Bei beiden fällt auf, dass die Rollen klappern, wenn man die Stege in der Hand schüttelt. Beim Boston Steg deutlich lauter als beim Schaller Konkurrenten.

Das Einsetzen der Stege geht fix. Insbesondere dann, wenn man Locking Mechaniken an der Gitarre hat. Meine Gibson habe ich damit ausgerüstet, dazu gibt es diesen Testbericht. Man muss dann nur beim Lockern der Saiten aufpassen, dass die Enden nicht von den typischen kleinen Stiften am Bigsby rutschen.
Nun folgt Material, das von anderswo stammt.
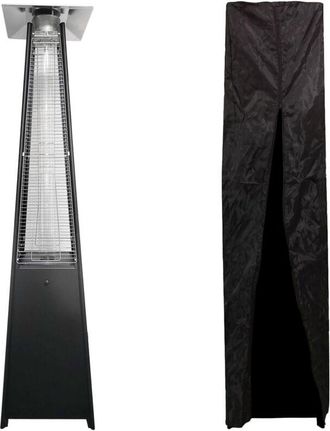Happy Garden Happy Garden - Estufa De Gas Stockholm Para Exterior 13kw Acero Negro + Funda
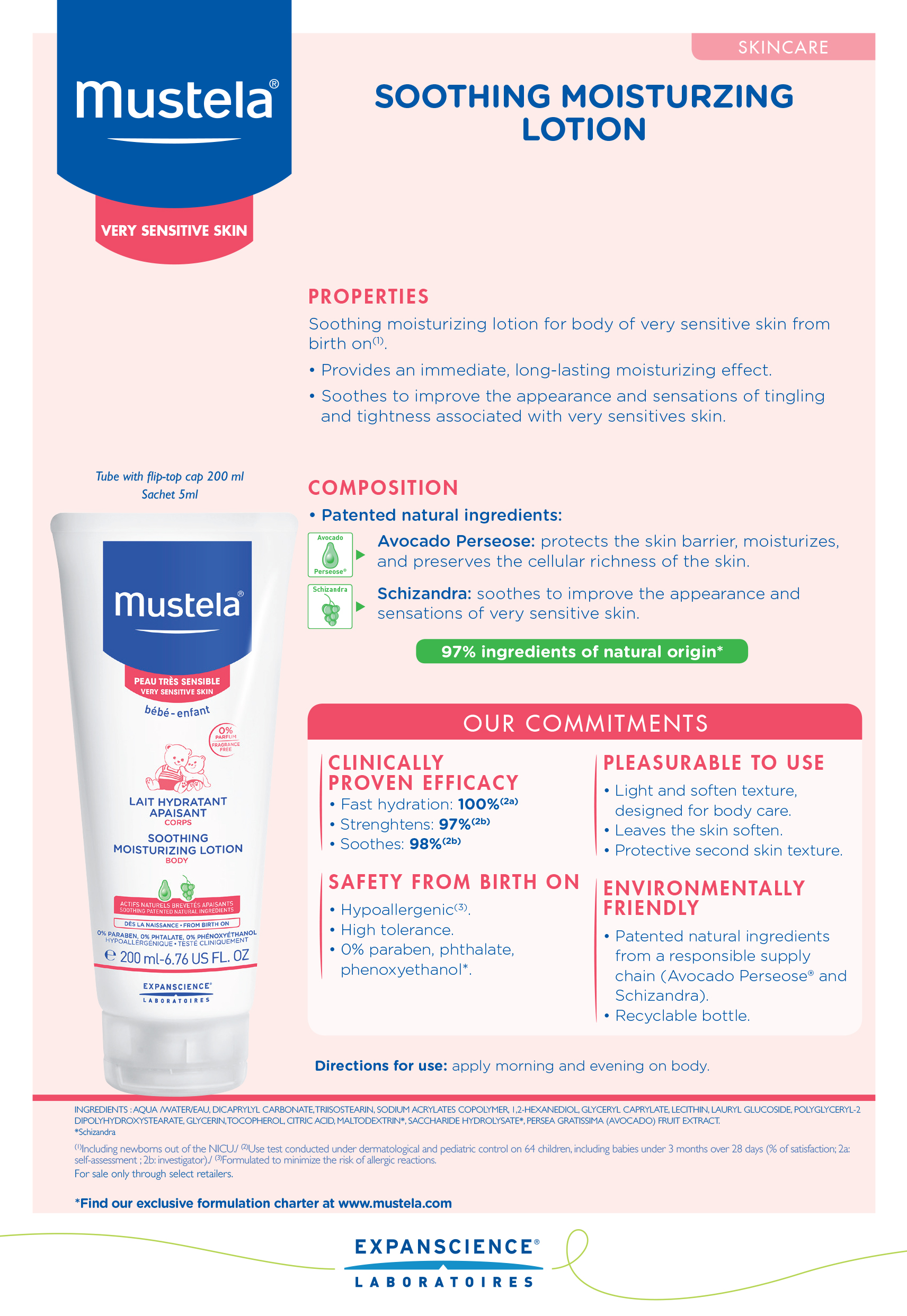 mustela soothing moisturizing lotion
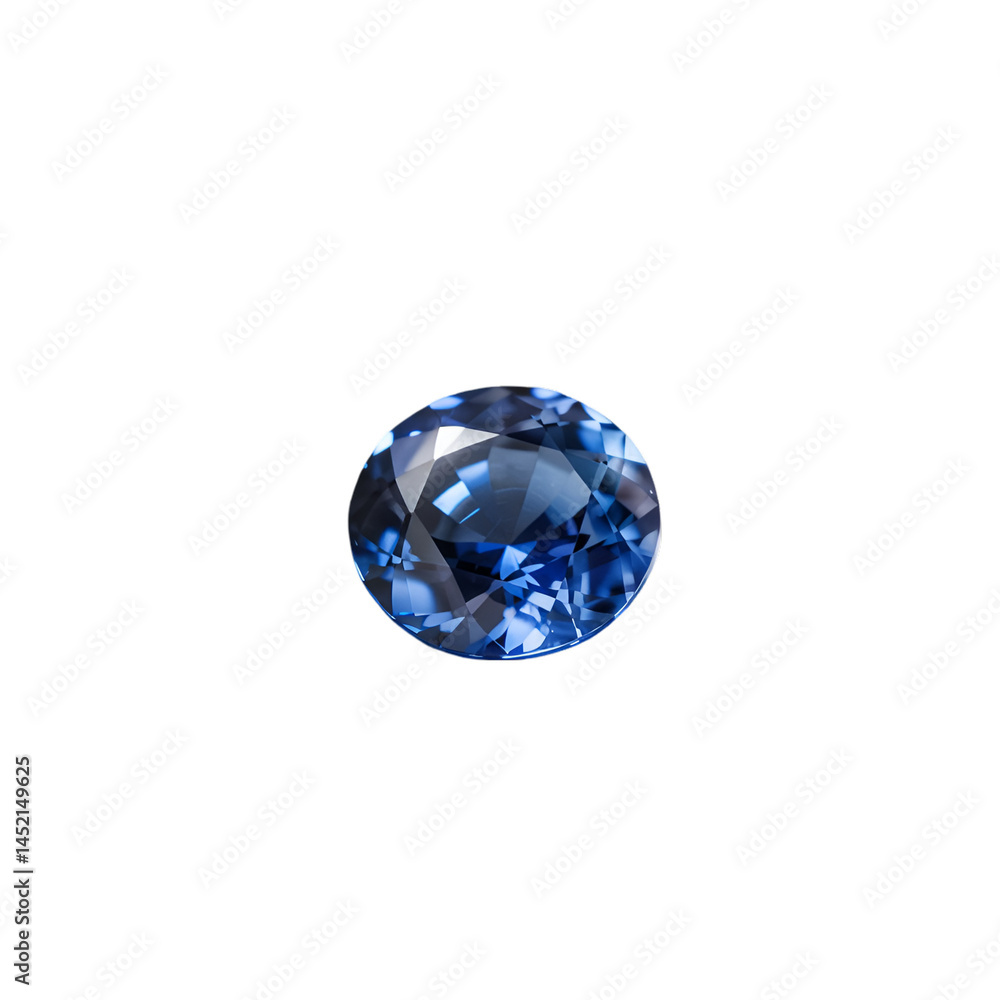 Close up shot of a faceted blue gemstone with intricate cuts on a dark black background studio shot Close up shot of a faceted blue gemstone with intricate cuts on a dark black background studio shot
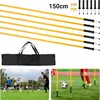 Jayseuw 6x Slalomstangen Fussball 1,5 m sprunghafte Produktbild-Vorschau 1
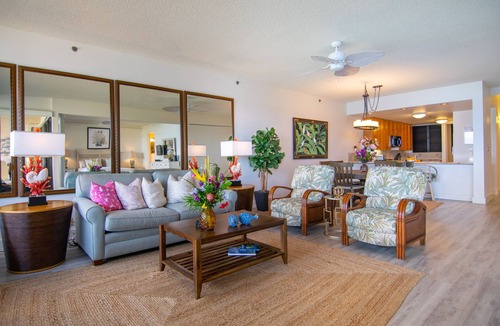 Kahana Condo | WOW! THIS IS MAUI 2bdr2bth condo 50ft to ocean, best views HUGE 1680sf, AC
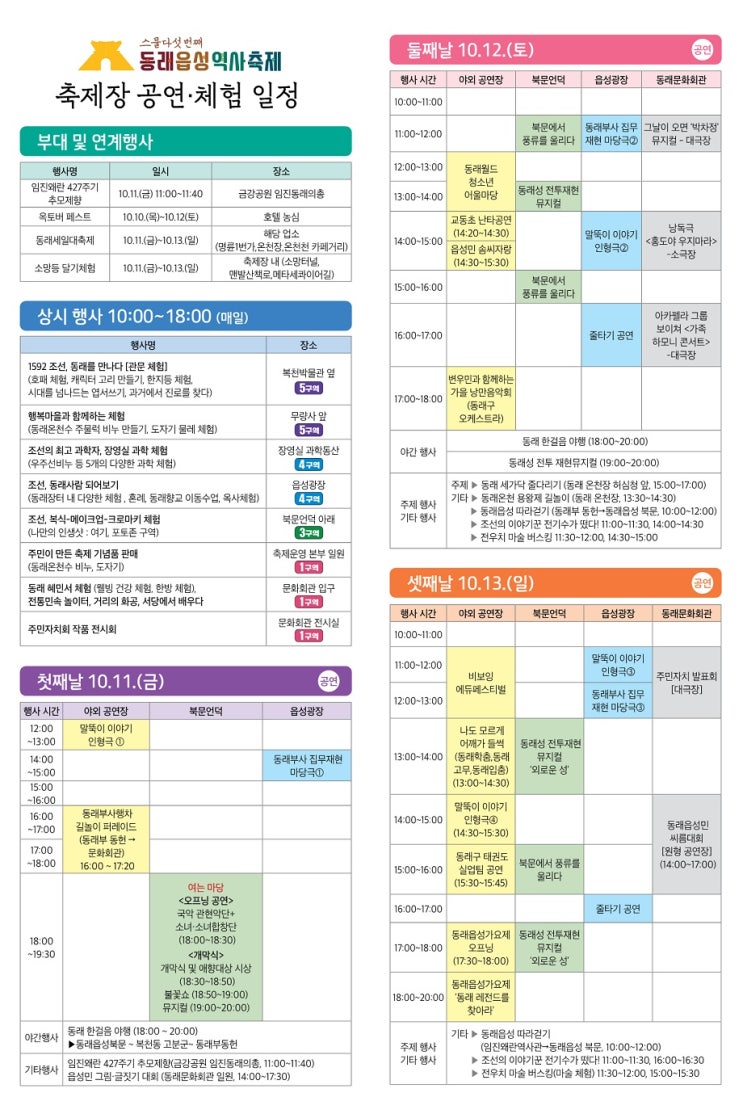   부산축제 / 동래읍성역사축제 / 영도다리축제 / 자갈치축제 / 이번주 부산축제 / 10월 축제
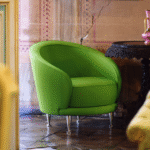 NEW-TONE ARMCHAIR BY MASSIMO IOSA GHINI, 1989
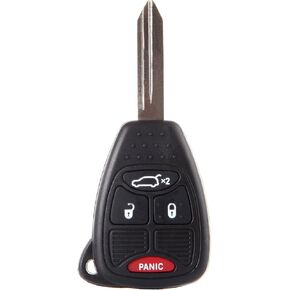 cciyu Keyless Entry Remote Smart Key Fob Shell Case 2011-2014 Fit for Chrysler 200 2.4L 2011-2014 Fit for Chrysler 200 3.6L 4 Buttons OHT692427AA,OHT692713AA,56040649AC,56040649,05175789AA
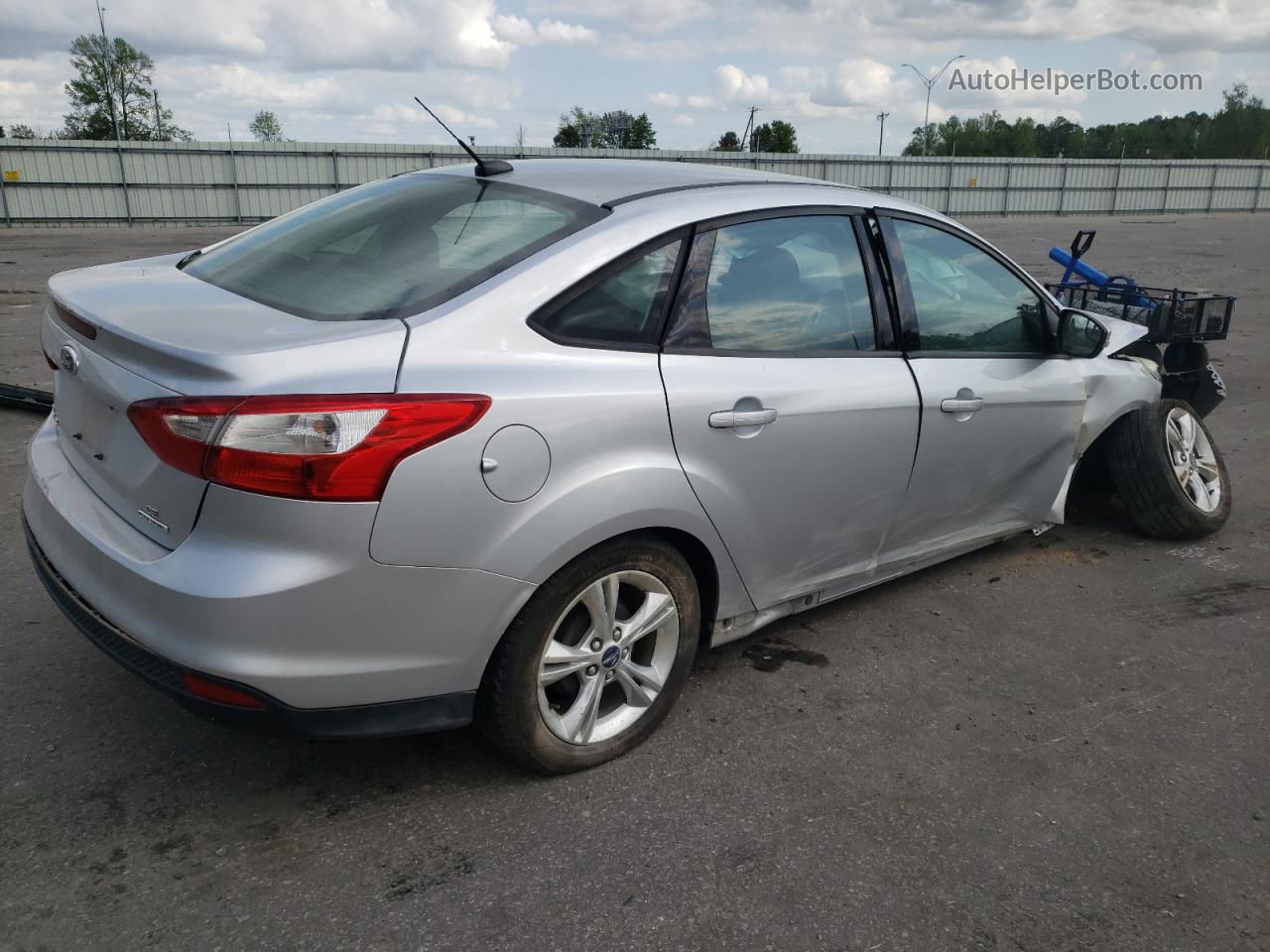 2013 Ford Focus Se Silver vin: 1FADP3F24DL266462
Die Stützschrauben auf meiner Gibson passen zum Schaller Steg, die habe ich damals passend herunter gefeilt.

Beim Handballenauflegen fühlt sich der Boston Steg glatt und rund an, da sticht und pickst nichts. Beim Schaller Steg ist das etwas unangenehmer. Man spürt die Ecken der Böckchen und auch die Rollen.

Im Gegensatz zu den Locking Mechaniken, die gerade beim Bigsby auch das Aufziehen der Saiten erleichtern, haben mir ganz subjektiv die Rollenbrücken nichts positives gebracht. Ich habe nicht das Gefühl, dass das Bigsby damit irgendwie besser oder stimmstabiler funktioniert.

In Sachen Klang konnte ich auch keine nennenswerten Unterschiede heraushören. Da es nicht so aufwändig ist, habe ich mehrmals hin- und her gewechselt und versucht die Ohren zu spitzen. Für mich klang das alles so gut wie gleich.

Das Einzige, was ich für mich definitiv festgestellt habe ist, dass das Sustain bei beiden Rollenbrücken einen Tick leidet. Mit der Tuneomatic Bridge klingen Töne und Akkorde anders und länger aus. Der Klang wird gleichmäßig leiser. Bei den Rollenbrücken fiel mir auf, dass Töne und Akkorde nach vier bis fünf Sekunden "steiler" abfallen und leiser werden. Das ist nicht so gleichmäßig und kürzer.

Mein subjektives Fazit:
Man braucht keine Rollenstege. Ein Bigsby funktioniert auch mit ganz normalen Stegen bestens.
Und Rollenstege beeinflussen das Sustain negativ. Ich rate also von den Dingern ab.